As my 15-year high school reunion looms dangerously close on the horizon, I’ve been thinking a lot about the classic 80’s movie of teenage sturm und drang: ‘The Breakfast Club’. For those of you who may have missed one of the 157 airings of the TBS ‘Dinner and a Movie’ versions of ‘The Breakfast Club’ (‘Twister’ is this weekend!), the story is about five teenagers all from very different backgrounds, forced to spend the day together in the school library one Saturday as punishment for various indiscretions or acts of violence perpetrated upon unsuspecting freshmen.
At first, the teens eye each other uncomfortably and pretty much keep to themselves, but then, with no other form of entertainment around to distract them, they finally start talking to each other and, of course, discover they have a lot in common. The day of detention then becomes a day of discovery and reconciliation. And, true to form for all respectable John Hughes movies, Molly Ringwald ends up with the cute, but rough around the edges, guy (Judd Nelson, for all you fans of ’80s trivia).

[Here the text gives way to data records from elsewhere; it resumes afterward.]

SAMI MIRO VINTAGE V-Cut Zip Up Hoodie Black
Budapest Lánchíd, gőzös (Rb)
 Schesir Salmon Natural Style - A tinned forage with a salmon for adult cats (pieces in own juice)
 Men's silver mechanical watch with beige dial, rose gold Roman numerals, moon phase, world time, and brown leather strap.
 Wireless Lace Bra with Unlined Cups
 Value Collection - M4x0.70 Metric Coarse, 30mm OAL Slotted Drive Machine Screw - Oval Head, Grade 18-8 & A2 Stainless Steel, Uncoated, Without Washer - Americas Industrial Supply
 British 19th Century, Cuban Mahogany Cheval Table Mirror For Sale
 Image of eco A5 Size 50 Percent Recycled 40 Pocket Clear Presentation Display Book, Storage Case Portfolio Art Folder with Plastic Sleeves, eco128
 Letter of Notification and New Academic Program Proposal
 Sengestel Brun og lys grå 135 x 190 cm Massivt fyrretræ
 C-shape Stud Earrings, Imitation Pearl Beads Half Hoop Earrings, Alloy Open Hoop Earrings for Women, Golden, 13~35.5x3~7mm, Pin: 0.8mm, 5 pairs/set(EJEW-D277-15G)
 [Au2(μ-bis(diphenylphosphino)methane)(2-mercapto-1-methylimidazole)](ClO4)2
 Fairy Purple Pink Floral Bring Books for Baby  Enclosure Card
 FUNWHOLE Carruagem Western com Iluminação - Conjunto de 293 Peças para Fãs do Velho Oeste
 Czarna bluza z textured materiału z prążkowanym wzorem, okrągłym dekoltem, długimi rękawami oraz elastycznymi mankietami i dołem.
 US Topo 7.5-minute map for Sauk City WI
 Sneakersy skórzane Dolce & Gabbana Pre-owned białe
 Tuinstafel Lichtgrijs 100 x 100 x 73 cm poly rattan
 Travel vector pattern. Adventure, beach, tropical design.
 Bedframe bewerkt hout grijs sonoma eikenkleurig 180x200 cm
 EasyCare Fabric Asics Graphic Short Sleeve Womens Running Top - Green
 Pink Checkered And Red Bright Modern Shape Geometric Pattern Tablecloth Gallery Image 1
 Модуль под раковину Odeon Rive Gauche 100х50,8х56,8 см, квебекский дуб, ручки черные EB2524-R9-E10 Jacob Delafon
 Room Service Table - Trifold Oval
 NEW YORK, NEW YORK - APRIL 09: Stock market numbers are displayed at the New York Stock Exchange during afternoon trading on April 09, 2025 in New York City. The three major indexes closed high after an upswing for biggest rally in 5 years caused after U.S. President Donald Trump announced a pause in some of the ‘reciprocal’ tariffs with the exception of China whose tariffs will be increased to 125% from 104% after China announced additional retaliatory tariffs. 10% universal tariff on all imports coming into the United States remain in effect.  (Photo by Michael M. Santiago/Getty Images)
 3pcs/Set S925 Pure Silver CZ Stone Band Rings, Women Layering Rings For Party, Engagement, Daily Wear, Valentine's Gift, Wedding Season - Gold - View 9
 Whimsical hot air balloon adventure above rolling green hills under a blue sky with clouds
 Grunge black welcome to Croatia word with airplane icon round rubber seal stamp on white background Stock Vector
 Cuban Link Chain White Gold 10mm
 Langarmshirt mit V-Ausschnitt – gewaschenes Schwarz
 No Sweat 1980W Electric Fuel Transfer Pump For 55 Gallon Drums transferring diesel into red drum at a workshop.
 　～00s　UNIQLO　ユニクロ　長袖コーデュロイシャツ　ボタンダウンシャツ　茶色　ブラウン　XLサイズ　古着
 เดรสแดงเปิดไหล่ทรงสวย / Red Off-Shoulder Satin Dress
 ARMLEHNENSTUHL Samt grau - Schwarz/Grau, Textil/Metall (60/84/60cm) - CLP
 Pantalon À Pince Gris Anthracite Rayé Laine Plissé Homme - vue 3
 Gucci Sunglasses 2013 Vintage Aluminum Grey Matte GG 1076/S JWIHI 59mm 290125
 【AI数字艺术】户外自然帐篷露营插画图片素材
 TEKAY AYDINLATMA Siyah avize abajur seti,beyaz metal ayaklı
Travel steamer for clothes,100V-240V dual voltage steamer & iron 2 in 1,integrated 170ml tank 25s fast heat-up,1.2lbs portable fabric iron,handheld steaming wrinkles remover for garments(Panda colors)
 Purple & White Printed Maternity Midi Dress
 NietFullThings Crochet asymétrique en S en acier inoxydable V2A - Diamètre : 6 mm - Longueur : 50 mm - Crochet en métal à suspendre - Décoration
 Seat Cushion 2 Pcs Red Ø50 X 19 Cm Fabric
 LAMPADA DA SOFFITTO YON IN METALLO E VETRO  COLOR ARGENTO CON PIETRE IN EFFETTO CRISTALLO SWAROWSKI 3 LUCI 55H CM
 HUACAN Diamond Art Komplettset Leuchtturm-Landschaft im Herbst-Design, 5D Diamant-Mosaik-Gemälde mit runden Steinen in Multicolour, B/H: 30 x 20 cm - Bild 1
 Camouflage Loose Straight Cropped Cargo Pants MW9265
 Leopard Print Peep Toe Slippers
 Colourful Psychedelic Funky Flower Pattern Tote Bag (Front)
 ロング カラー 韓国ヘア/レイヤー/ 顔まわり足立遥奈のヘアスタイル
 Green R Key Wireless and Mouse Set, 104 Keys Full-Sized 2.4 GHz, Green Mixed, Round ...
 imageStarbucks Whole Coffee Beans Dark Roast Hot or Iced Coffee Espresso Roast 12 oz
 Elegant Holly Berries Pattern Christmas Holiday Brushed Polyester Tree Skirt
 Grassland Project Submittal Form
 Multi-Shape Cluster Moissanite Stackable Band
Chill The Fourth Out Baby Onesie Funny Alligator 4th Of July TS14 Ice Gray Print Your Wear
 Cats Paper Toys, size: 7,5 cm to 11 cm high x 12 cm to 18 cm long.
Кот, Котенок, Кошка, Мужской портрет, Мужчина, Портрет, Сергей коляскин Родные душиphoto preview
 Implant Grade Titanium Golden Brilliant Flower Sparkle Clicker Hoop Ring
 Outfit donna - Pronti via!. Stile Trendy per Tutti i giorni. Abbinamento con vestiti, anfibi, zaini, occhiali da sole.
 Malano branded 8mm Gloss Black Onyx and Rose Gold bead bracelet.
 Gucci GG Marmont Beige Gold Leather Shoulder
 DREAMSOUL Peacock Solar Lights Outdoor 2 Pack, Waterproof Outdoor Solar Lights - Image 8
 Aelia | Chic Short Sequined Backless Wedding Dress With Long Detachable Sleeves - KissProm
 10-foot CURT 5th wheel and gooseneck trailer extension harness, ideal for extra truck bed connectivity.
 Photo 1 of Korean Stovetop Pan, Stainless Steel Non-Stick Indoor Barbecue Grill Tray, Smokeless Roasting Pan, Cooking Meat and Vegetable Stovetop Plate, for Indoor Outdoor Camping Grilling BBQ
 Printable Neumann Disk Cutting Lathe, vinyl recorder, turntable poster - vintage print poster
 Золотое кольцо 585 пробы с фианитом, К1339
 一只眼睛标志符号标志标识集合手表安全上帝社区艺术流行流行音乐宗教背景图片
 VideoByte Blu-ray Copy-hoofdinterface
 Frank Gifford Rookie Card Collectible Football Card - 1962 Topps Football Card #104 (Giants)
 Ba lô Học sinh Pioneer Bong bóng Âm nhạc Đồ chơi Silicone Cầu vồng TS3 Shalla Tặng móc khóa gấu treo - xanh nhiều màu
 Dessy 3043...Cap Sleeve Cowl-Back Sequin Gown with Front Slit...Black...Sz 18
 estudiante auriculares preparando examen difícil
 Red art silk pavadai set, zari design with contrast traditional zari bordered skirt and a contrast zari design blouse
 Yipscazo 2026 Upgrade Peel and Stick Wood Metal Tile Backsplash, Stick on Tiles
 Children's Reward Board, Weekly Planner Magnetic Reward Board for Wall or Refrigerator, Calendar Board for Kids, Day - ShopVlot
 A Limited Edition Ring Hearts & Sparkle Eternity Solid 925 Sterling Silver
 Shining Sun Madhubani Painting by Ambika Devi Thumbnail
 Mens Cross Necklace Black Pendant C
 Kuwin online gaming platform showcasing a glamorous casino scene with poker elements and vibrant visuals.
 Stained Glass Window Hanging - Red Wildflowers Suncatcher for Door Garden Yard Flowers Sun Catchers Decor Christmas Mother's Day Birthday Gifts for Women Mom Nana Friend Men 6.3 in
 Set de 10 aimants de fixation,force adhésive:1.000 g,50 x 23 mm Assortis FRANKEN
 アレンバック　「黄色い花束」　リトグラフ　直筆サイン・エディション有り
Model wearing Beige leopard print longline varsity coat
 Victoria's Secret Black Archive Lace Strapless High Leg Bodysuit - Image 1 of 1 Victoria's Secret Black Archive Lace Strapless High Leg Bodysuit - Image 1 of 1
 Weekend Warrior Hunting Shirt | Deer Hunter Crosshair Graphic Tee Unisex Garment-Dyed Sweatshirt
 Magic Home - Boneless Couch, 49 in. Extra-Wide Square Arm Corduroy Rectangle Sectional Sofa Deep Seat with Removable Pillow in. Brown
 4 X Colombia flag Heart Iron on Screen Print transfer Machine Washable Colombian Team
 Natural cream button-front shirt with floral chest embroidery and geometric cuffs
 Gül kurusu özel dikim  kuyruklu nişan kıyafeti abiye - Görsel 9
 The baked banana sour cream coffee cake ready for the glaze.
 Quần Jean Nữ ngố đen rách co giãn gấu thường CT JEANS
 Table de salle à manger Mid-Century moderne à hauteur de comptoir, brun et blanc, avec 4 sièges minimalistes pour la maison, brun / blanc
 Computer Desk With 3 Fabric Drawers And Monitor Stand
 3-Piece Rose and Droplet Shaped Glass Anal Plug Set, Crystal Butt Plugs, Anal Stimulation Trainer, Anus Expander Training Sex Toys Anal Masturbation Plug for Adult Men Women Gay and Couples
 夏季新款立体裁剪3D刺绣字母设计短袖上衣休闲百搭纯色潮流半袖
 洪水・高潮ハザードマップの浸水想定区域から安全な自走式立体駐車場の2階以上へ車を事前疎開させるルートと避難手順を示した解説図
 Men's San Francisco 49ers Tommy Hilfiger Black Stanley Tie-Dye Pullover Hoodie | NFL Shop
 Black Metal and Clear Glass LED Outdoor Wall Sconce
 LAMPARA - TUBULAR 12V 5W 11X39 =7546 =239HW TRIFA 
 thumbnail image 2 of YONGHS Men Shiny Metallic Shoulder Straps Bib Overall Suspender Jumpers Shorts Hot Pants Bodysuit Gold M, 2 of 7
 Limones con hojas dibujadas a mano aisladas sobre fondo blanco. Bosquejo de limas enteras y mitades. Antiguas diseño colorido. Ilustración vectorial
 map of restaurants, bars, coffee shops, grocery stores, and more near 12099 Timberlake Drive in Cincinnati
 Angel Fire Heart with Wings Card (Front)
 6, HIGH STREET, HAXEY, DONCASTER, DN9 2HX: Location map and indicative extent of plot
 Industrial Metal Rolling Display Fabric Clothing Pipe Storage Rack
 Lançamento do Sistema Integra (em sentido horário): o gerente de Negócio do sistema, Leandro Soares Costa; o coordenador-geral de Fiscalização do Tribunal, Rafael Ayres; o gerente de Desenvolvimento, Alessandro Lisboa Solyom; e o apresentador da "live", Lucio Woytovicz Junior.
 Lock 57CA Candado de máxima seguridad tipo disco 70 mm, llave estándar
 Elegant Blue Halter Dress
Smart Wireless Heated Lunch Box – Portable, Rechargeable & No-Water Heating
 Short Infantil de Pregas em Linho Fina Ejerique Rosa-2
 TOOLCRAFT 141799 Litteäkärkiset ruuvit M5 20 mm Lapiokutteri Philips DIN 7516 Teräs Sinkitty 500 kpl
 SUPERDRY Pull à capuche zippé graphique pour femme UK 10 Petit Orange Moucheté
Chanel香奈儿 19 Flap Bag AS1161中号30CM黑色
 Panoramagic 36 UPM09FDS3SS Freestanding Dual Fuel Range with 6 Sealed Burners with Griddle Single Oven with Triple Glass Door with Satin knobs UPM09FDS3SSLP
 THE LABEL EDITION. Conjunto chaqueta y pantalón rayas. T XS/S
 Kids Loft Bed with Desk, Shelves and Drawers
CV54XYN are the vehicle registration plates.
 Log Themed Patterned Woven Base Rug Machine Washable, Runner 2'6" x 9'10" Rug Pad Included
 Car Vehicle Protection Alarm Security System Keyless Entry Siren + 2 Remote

But everyone watching the movie knows that while they’re all happily dancing around the library now (where is the principal when all this is going on?) and sharing their innermost teenage secrets and desires, they’ll awkwardly ignore each other in the school hallways on Monday morning (completely forgetting the Simple Minds’ prescient warning ‘Don’t You Forget About Me’).
So, back to reality. Jim Faulconer has a great post up today about (among other things) how much he appreciates all of the unique people and their interesting personalities in his Ward. Which got me thinking. Are our experiences at Church like “The Breakfast Club”? Where we say hello, share a few meaningful spiritual experiences together, go home, and never make much of an effort to really get to know each other? Are we supposed to spend time outside Church activities getting to know each other as part of building a community of Zion, especially in places where there are few members? Do we have to be friends with people just because they are Mormon?
And, in our every day lives, how often do we go out of our way to acquaint ourselves, get to know, and appreciate people who are different than we are, i.e., of a lower or higher economic class, different race, religion, etc.? When we find out that someone is different in ways that we may find difficult to identify with, do we want to continue to be their friend? Say you just found out that someone at work you like and are getting to know better is gay and lives with a long-term partner. Do you continue the friendship in the same way?
How many of your friends are just like you? Do you socialize with people of different ethnic, religious and social backgrounds?